Lebih lanjut, dosen PPs UNJ ini mengemukakan bahwa perlawanan otot mengawali, namun tidak efektif selama 3 abad. Kemudian berkembang menjadi perlawanan otak melalui organisasi, ideologi, dialog dan media massa. Hanya dengan 37 tahun perlawanan dengan otak berhasil membentuk bangsa Indonesia.

Musuh setelah kemerdekaan adalah kemiskinan. Kalimat Bung Karno “kesejahteraan ialah: tidak akan ada orang miskin di Indonesia”, masih ada kemiskinan, kemerdekaan Indonesia cacat. Nasionalisme dahulu melawan penjajahan, sekarang lawan nasionalisme adalah rumusan demokrasi.  Sampai saat ini masih mencari rumusan yang tepat.  Nasionalisme merupakan keinginan untuk memperjuangkan kemerdekaan dalam arti luas. Nasionalisme tidak bisa berjalan tanpa demokrasi. Nasionalisme tanpa demokrasi adalah otoriter. Demokrasi tanpa nasionalime adalah kerusuhan. Keduanya harus saling mengontrol.

Orang yang berkuasa sekarang tidak menghadapi situasi sekarang kita sedang bicara juga tentang masa depan. Sekarang tidak ada etika masa depan yaitu apa yang ada sekarang adalah titipan generasi masa depan. Saat ini kita harus menghayati makna nasioanlisme, apa, siapa dan bagaimana yang kita hadapi serta gejala yang menunjukkan dan menyebabkan nasionalisme terkikis.

Pembicara kedua yaitu, Dr. Yulianto Hadi yang merupakan alumni S3 IP PPs UNY. Dosen AAU ini menyampaikan makalah berjudul “Pendidikan Sebagai Wahana Pembentukan Karakter”. Menurutnya Pendidikan tidak hanya Knowledge Oriented tetapi juga Value Oriented.

Nilai dan perilaku itu dinamis dan berkembang, arah perkembangannya yang perlu di arahkan. Anak muda harus disodori contoh. Bangsa adalah bukan merupakan suku, daerah melainkan kesadaran untuk bersatu. Indonesia membutuhkan formulasi karena pengarah berperilaku yang beragam. Perilaku harus dapat diterima komunitas, masalahnya komunitas di Indonesia amat beragam. Tidak semua pendidikan berdasarkan pada filosofis pendidikan yang tertata.
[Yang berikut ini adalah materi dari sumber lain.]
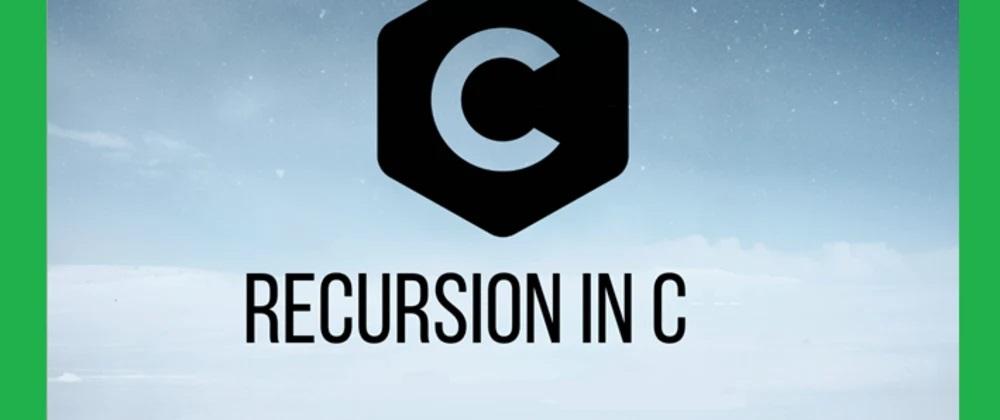 Recursion in C Programming 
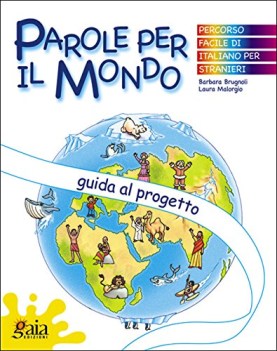 parole per il mondo (cof. 6 vol.+guida)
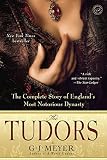 The Tudors : the kings and queens of England's golden age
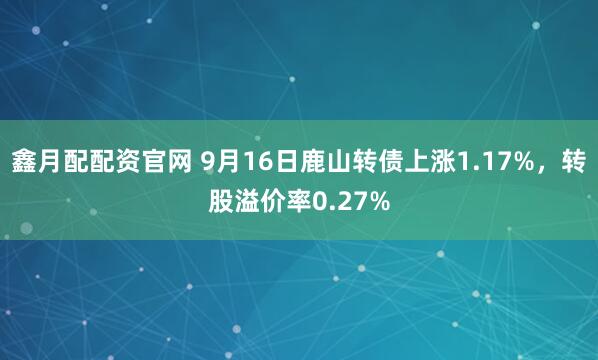 鑫月配配资官网 9月16日鹿山转债上涨1.17%，转股溢价率0.27%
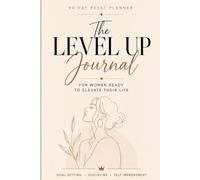 The Level Up Journal: For Women Ready To Elevate Their Life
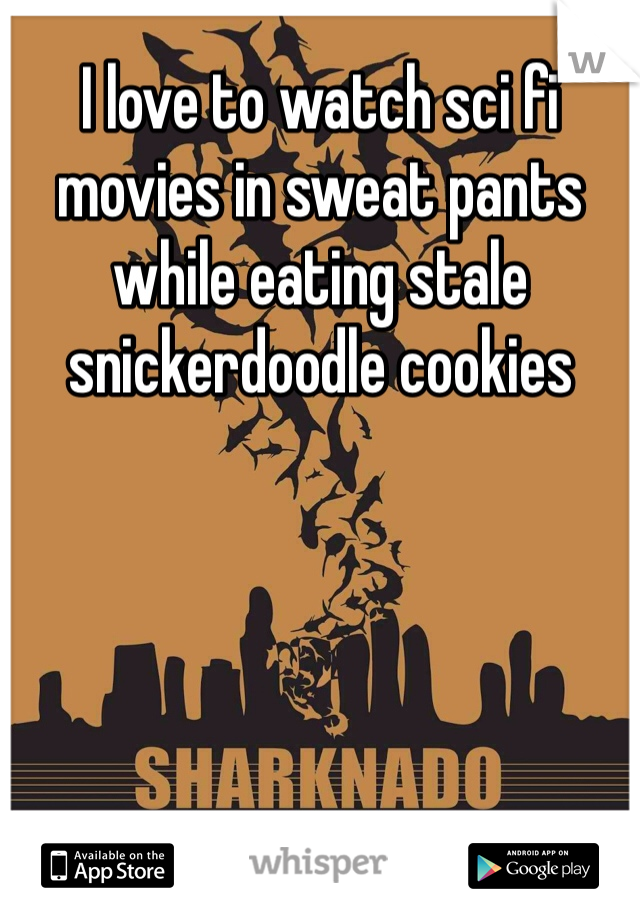 I love to watch sci fi movies in sweat pants while eating stale snickerdoodle cookies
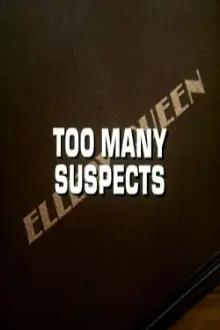 Ellery Queen: Too Many Suspects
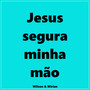 Jesus Segura Minha Mão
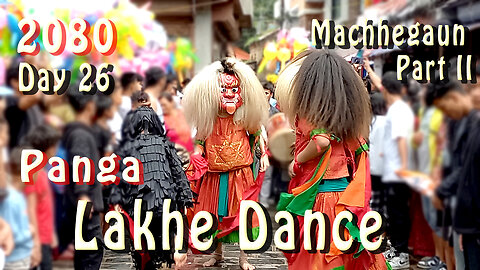 Lakhe Dance, Machhegaun | 2080-04-27 | Part II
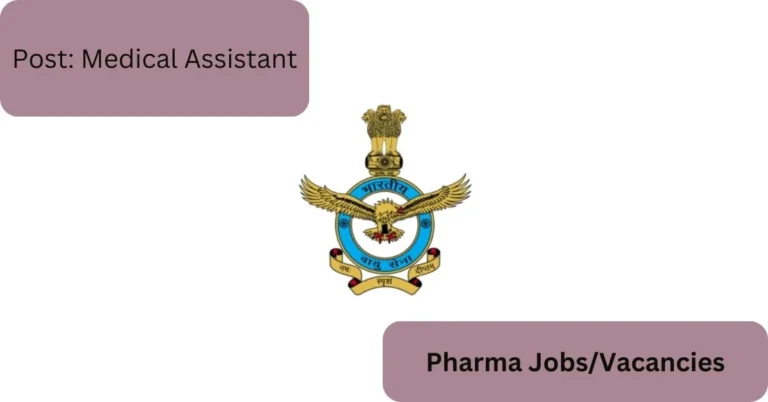 Opportunity for Pharma Candidates to Join Indian Air Force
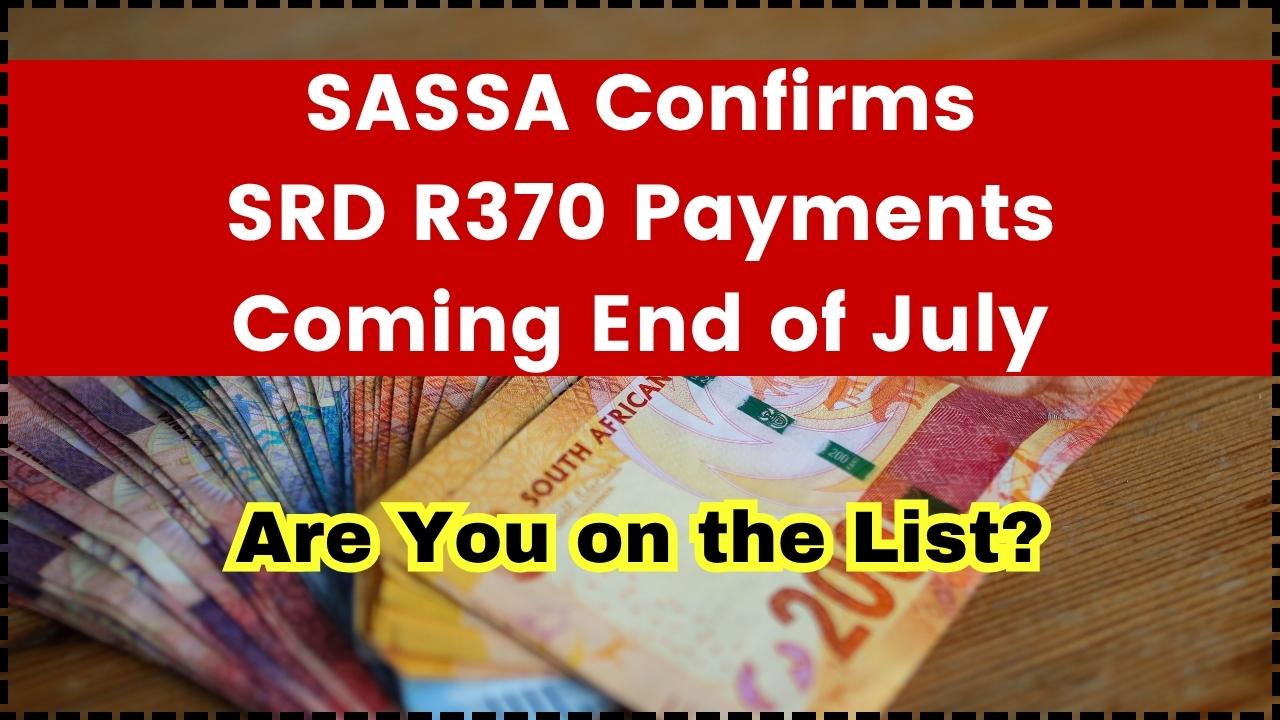SASSA Confirms SRD R370 Payments Coming End of July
Akhirnya, melalui presentasinya Dr. Yulianto menyampaikan rekomendasi antara lain tentukan nilai-nilai yang menjadi pola atau acuan. Selain itu, perlunya sosialisasi, bangun lingkungan yang tepat, nilai kehidupan sebagai pengalaman, introspeksi, dan kesadaran menuju pemantapan sikap yang utuh dan matang (internalisasi).

Di akhir seminar utama menampilkan mantan Sekretaris Jenderal Kemenag, Bahrul Hayat, Ph.D. dengan makalah berjudul “Peran Kurikulum dalam Membentuk Karakter Bangsa”. Dalam paparannya beliau mengemukakan 3 kata kunci yaitu berusaha untuk memberi bukan meminta untuk memberi, karakter “is to characterized”, karakter adalah identitas yang membedakan, dan enlightenment (pencerahan) dirinya melalui agamanya.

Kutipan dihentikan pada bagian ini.